Donations...I don't have any hesitations about that. Except, I do think it is unethical to use them as your trashcan or your junk removal rather than sending along actual donate-able items. It sure is tempting though!


  1. I get fabric at goodwill! Along with vases, picture frames, furniture, and baby clothes. And I don't think it's only meant for less fortunate people. Goodwill finds jobs for unemployed people, and, like you said, if only poor people shopped there I doubt they'd still be in business. Also, whenever I go there I ALWAYS see nice cars, BMWs, Audis, and Mecedes. It's not like they're checking pay stubs at the door.

  2. I think shopping at Goodwill is 100% ethical - the stores are designed as revenue sources for Goodwill's job training programs, etc. They're for people who don't want to throw away perfectly usable things and for people who don't want to pay full price when there are perfectly usable used things available!

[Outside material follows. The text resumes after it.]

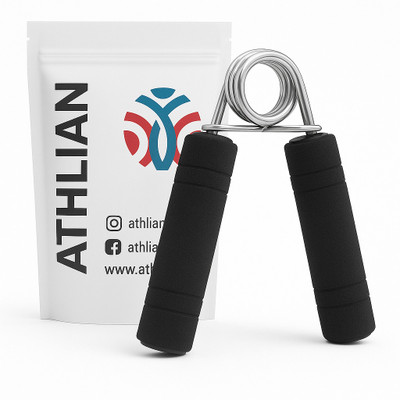 Athlian Foam Hand Gripper, Non-Slip Grip for Hand & Finger Exercise for Men & Women Hand Grip/Fitness Grip(Black)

  3. Goodwill is a fantastic organization, and I don't think you should feel guilty about bargain hunting there. Everything sold helps, as does every donation. When we're shifting seasons and clothing, we always give to Goodwill, with the mind that the things we don't want or need will be of better use to another. (I like to pretend that everyone else who gives to Goodwill is thinking the same thing, and thank them for passing on things that I can use.)

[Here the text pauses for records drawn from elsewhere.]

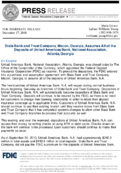 State Bank and Trust Company Macon Georgia Assumes All of the Deposits of United Americas Bank National Association Atlanta Georgia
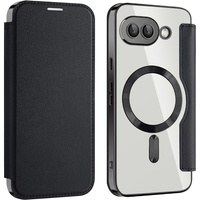 Flip case for Google Pixel 9A, RFID Wallet MagSafe CamShield, black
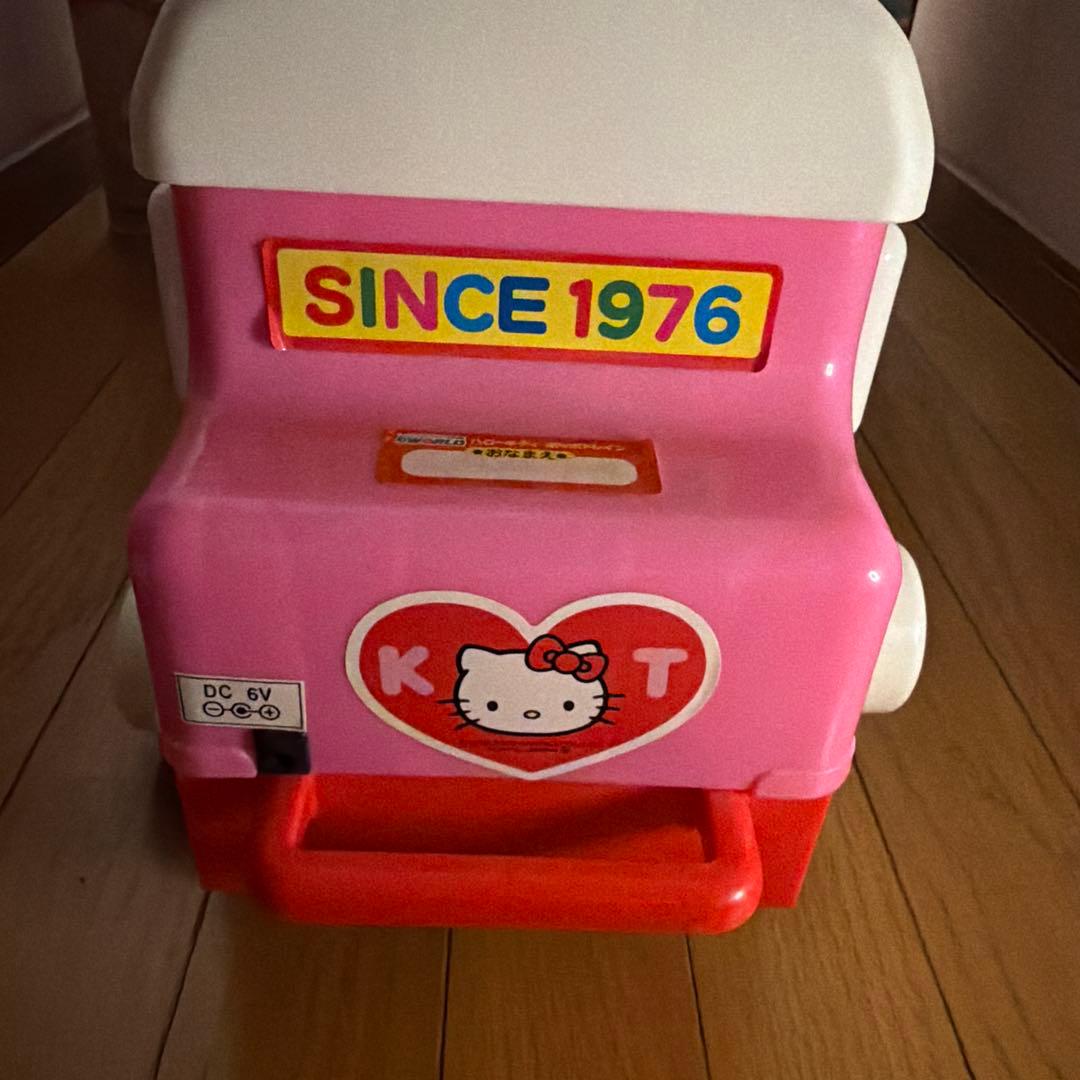 電動乗用　ハローキティ　ポッポトレイン　平成レトロ　希少　レア　玩具　汽車　電車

  4. I think anyway, that I agree with your second aspect, that shopping at Goodwill as a middle-class (or even upper-class) person is ethical. Goodwill provide a valuable service in the community by providing training and jobs to those with developmental and other disabilities. And while the need of a private organization to provide those services is definitely a whole 'nother issue for debate, the service they are providing is both needed and worthy. I know both people who have received the services of Goodwill, and who have worked for Goodwill (as caregivers, trainers, educators etc. for those with disabilities) and have heard positive things from those on the "inside."